_Exercise details_
Go to the line holding "T-shirt Animal de Elc mou (Devant)" in the data below. Return it and each line after it through the last, exactly, and skip the pictures.

─── The input

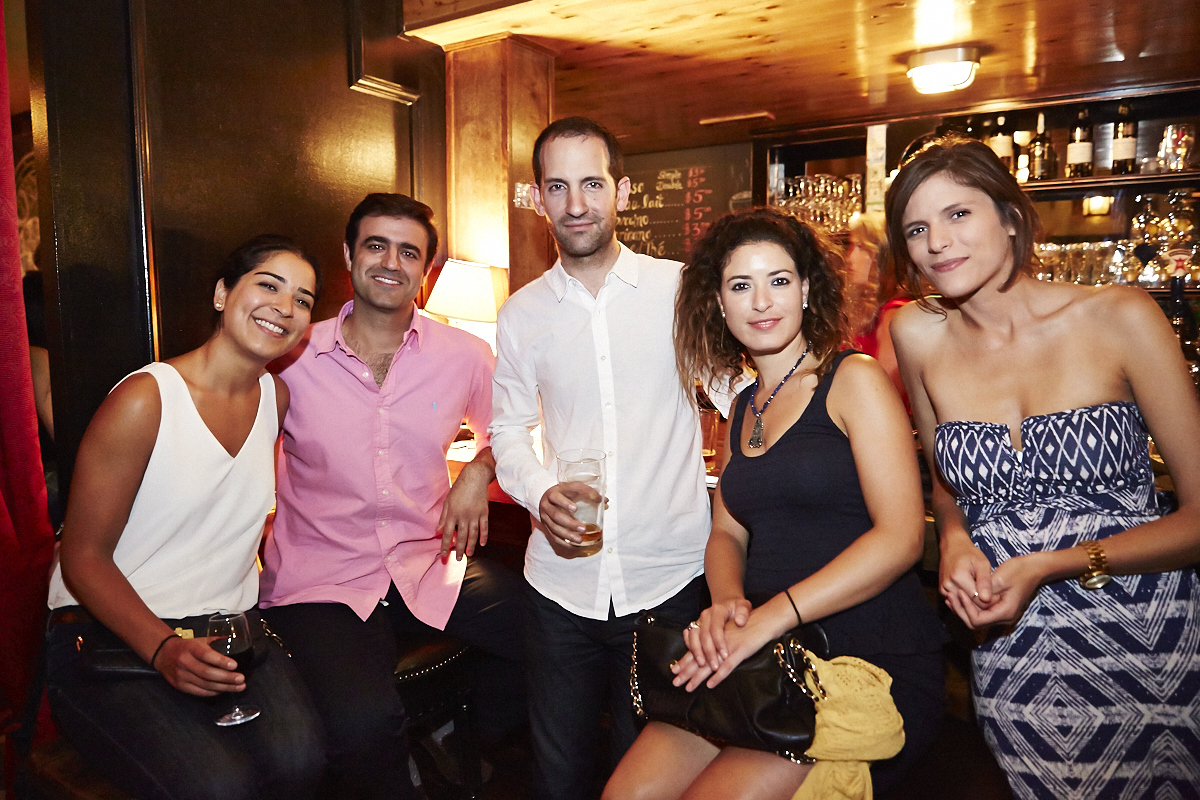 On célèbre l'été au Royal Merchant!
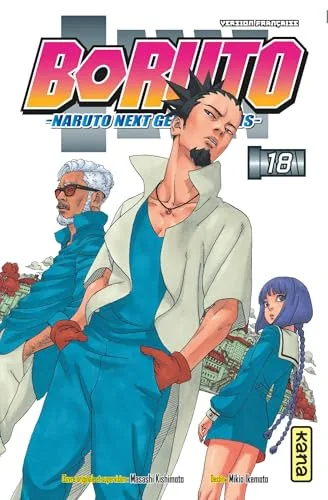 Boruto T.18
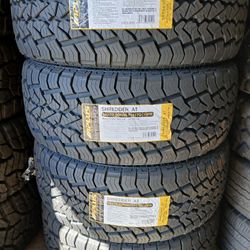 Set De Llantas Nuevas 35 12.50 22 APLUS AT 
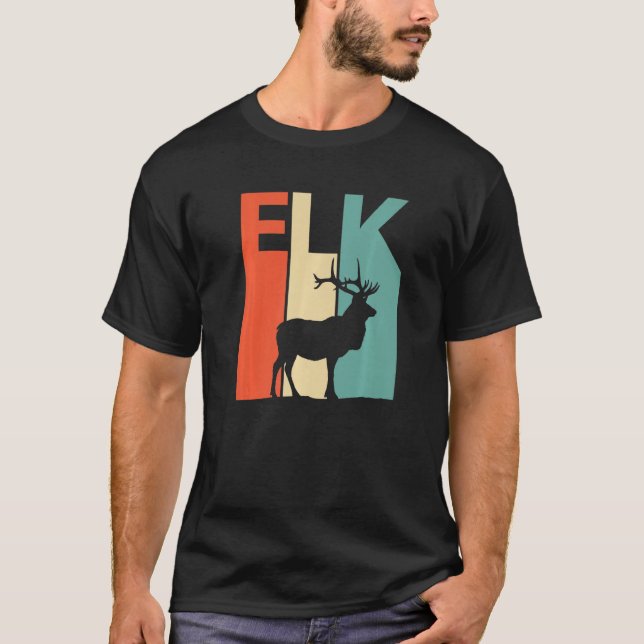 T-shirt Animal de Elc mou (Devant)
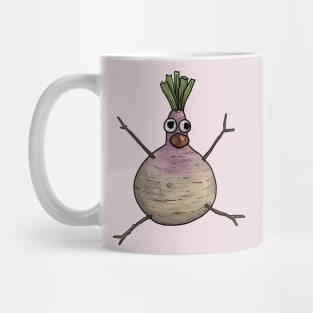 Chicken Run Turnip Mug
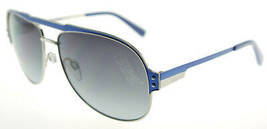 Just Cavalli 323S 14B Blue Silver / Grey Sunglasses JC323 14B 58mm - £21.95 GBP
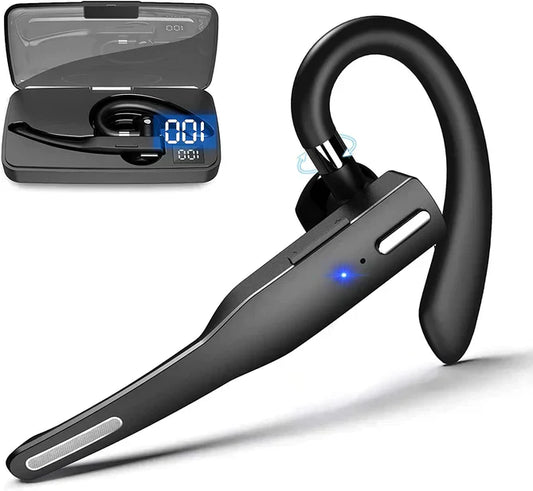 Norvo | Trucker Dual Mic Trådløse Bluetooth 5.1 Støyreduserende Hodetelefoner & Ørepropper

──────

_Solution for this exercise_
 T-shirt Animal de Elc mou (Devant)
 Chicken Run Turnip Mug
 Just Cavalli 323S 14B Blue Silver / Grey Sunglasses JC323 14B 58mm - £21.95 GBP
 Norvo | Trucker Dual Mic Trådløse Bluetooth 5.1 Støyreduserende Hodetelefoner & Ørepropper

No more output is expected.